### WHAT IS REQUIRED:
This exercise calls for the line with "Moose Knuckles Black", the line with "Working VOLKSWAGEN Texted", and all lines between them in the material below, output exactly and with no other lines.
BEGIN GIVEN RECORDS
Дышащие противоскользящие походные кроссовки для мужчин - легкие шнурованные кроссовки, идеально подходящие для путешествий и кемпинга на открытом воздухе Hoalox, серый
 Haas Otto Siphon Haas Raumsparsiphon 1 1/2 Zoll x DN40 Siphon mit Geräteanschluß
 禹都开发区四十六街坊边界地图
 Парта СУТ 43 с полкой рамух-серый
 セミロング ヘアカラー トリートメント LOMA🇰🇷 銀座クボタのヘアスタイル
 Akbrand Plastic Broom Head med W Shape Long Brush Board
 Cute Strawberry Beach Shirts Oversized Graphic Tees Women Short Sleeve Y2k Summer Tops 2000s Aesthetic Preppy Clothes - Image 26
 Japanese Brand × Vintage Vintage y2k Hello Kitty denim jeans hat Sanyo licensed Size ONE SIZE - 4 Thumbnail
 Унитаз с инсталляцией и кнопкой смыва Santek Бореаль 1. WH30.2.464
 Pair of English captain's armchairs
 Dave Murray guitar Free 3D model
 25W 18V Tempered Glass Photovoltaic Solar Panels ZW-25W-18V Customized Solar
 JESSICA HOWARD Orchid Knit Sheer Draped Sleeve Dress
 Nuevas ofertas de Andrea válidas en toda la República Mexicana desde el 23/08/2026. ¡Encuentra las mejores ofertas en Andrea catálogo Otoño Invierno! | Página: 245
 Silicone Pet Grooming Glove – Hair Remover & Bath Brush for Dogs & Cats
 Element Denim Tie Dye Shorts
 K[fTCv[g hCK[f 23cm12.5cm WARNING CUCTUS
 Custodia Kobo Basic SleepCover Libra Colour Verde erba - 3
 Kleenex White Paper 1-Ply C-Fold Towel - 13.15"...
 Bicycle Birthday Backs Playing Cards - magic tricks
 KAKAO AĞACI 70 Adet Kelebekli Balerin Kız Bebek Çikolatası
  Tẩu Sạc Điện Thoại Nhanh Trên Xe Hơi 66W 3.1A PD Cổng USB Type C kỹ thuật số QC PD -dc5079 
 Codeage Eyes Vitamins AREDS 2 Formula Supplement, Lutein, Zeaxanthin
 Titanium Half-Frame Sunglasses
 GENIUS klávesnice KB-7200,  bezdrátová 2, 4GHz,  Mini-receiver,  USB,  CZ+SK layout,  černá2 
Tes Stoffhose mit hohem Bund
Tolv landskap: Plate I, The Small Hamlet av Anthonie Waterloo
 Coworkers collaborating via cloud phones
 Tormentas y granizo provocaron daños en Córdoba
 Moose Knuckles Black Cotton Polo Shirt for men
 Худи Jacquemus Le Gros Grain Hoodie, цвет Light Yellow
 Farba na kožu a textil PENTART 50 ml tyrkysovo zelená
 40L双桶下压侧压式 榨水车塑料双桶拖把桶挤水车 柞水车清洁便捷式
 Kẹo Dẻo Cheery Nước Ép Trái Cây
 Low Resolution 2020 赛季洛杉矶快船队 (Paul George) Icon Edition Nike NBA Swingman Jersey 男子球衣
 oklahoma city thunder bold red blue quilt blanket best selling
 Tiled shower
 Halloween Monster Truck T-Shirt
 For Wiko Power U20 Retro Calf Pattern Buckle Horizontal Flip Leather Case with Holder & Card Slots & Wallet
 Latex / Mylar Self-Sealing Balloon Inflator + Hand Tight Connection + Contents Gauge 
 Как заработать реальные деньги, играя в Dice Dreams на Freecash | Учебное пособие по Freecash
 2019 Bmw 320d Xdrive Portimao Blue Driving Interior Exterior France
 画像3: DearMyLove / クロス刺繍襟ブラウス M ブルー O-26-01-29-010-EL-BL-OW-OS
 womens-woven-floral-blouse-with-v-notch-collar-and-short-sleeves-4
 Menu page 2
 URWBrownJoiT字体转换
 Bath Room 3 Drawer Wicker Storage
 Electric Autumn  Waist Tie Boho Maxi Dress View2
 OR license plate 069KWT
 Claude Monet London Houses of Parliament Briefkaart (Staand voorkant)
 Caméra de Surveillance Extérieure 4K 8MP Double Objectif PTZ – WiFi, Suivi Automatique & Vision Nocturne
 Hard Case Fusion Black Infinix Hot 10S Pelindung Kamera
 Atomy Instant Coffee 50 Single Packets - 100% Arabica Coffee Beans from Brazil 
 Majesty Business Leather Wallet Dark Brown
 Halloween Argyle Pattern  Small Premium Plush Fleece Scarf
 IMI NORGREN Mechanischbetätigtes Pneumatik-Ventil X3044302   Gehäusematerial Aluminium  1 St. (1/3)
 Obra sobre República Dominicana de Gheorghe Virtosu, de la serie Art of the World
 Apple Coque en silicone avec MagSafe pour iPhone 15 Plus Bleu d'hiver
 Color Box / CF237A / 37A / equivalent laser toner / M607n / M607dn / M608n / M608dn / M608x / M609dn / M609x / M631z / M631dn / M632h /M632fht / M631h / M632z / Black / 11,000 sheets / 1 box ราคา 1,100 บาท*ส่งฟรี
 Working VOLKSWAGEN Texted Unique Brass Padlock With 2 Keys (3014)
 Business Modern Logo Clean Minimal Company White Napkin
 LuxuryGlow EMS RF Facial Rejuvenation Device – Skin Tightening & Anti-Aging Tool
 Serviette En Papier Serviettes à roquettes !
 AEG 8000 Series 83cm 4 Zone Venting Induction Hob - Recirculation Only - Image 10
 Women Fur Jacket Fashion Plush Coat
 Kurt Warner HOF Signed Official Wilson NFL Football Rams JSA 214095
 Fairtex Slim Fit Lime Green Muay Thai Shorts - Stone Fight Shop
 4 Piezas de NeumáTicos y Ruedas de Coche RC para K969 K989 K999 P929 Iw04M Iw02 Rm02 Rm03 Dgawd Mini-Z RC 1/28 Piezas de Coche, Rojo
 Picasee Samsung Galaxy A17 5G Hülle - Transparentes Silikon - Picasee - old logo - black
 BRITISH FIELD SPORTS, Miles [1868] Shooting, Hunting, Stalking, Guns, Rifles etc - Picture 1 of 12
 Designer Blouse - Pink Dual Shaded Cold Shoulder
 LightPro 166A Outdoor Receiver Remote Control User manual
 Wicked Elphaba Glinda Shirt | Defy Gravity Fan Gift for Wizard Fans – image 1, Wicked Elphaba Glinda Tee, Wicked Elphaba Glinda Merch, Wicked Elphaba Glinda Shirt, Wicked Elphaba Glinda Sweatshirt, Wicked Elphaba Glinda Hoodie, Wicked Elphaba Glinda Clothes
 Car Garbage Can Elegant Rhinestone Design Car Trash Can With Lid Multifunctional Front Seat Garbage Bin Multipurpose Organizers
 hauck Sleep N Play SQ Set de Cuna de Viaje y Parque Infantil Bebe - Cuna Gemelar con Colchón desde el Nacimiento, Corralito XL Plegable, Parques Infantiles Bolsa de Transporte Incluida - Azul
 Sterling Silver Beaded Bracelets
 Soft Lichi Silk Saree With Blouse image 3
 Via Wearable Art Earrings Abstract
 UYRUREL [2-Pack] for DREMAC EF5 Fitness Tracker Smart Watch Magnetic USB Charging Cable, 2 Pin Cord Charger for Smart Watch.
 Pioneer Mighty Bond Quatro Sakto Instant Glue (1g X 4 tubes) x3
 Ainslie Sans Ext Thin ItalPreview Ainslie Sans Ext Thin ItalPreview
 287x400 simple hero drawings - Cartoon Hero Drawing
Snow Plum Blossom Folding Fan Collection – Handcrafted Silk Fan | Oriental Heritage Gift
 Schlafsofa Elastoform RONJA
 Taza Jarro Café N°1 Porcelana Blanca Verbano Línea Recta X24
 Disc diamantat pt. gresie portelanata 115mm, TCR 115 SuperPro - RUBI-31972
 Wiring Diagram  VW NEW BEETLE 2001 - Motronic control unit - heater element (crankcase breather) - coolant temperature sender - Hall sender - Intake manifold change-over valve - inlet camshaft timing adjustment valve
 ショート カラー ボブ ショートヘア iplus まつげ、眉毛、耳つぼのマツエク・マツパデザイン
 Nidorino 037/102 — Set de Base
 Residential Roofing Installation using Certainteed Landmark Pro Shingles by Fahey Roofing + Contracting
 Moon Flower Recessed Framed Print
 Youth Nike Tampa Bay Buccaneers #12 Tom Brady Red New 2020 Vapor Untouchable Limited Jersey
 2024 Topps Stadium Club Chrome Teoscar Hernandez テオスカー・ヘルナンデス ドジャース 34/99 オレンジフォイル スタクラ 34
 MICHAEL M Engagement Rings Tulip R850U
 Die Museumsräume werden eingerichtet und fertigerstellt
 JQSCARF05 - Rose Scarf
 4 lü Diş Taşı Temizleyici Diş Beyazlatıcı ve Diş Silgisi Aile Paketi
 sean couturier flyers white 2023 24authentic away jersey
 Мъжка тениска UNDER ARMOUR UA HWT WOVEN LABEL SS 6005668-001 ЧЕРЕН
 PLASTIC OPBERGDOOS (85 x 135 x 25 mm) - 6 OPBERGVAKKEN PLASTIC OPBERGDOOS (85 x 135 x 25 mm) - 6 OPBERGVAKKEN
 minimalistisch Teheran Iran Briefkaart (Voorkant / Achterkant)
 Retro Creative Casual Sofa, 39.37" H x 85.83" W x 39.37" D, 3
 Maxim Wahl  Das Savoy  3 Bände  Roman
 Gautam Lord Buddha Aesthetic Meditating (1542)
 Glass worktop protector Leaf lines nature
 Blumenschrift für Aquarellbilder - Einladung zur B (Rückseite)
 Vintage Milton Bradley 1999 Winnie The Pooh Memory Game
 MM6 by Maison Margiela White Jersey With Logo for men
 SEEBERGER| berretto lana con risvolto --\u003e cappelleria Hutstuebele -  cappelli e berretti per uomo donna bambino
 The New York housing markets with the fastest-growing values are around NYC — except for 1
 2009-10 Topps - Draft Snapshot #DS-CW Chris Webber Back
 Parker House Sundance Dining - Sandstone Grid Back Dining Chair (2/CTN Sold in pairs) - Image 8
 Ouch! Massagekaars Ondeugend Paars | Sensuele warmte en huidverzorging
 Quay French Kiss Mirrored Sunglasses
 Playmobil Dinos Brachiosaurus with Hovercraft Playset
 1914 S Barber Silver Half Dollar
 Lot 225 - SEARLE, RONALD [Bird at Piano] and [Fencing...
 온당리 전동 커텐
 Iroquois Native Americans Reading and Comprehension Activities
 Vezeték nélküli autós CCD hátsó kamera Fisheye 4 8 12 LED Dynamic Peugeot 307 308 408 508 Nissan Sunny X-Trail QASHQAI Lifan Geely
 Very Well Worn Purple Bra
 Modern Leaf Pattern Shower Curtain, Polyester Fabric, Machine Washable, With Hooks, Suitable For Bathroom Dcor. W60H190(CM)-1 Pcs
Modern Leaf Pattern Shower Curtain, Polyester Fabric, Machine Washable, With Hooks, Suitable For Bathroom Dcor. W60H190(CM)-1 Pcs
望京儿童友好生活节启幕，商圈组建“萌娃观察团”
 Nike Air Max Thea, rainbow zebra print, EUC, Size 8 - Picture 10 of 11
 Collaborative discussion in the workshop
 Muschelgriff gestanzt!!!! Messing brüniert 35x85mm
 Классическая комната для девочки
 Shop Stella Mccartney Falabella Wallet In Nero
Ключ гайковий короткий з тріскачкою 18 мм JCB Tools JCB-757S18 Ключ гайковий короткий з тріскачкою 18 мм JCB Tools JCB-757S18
END GIVEN RECORDS
### RESPONSE:
 Moose Knuckles Black Cotton Polo Shirt for men
 Худи Jacquemus Le Gros Grain Hoodie, цвет Light Yellow
 Farba na kožu a textil PENTART 50 ml tyrkysovo zelená
 40L双桶下压侧压式 榨水车塑料双桶拖把桶挤水车 柞水车清洁便捷式
 Kẹo Dẻo Cheery Nước Ép Trái Cây
 Low Resolution 2020 赛季洛杉矶快船队 (Paul George) Icon Edition Nike NBA Swingman Jersey 男子球衣
 oklahoma city thunder bold red blue quilt blanket best selling
 Tiled shower
 Halloween Monster Truck T-Shirt
 For Wiko Power U20 Retro Calf Pattern Buckle Horizontal Flip Leather Case with Holder & Card Slots & Wallet
 Latex / Mylar Self-Sealing Balloon Inflator + Hand Tight Connection + Contents Gauge 
 Как заработать реальные деньги, играя в Dice Dreams на Freecash | Учебное пособие по Freecash
 2019 Bmw 320d Xdrive Portimao Blue Driving Interior Exterior France
 画像3: DearMyLove / クロス刺繍襟ブラウス M ブルー O-26-01-29-010-EL-BL-OW-OS
 womens-woven-floral-blouse-with-v-notch-collar-and-short-sleeves-4
 Menu page 2
 URWBrownJoiT字体转换
 Bath Room 3 Drawer Wicker Storage
 Electric Autumn  Waist Tie Boho Maxi Dress View2
 OR license plate 069KWT
 Claude Monet London Houses of Parliament Briefkaart (Staand voorkant)
 Caméra de Surveillance Extérieure 4K 8MP Double Objectif PTZ – WiFi, Suivi Automatique & Vision Nocturne
 Hard Case Fusion Black Infinix Hot 10S Pelindung Kamera
 Atomy Instant Coffee 50 Single Packets - 100% Arabica Coffee Beans from Brazil 
 Majesty Business Leather Wallet Dark Brown
 Halloween Argyle Pattern  Small Premium Plush Fleece Scarf
 IMI NORGREN Mechanischbetätigtes Pneumatik-Ventil X3044302   Gehäusematerial Aluminium  1 St. (1/3)
 Obra sobre República Dominicana de Gheorghe Virtosu, de la serie Art of the World
 Apple Coque en silicone avec MagSafe pour iPhone 15 Plus Bleu d'hiver
 Color Box / CF237A / 37A / equivalent laser toner / M607n / M607dn / M608n / M608dn / M608x / M609dn / M609x / M631z / M631dn / M632h /M632fht / M631h / M632z / Black / 11,000 sheets / 1 box ราคา 1,100 บาท*ส่งฟรี
 Working VOLKSWAGEN Texted Unique Brass Padlock With 2 Keys (3014)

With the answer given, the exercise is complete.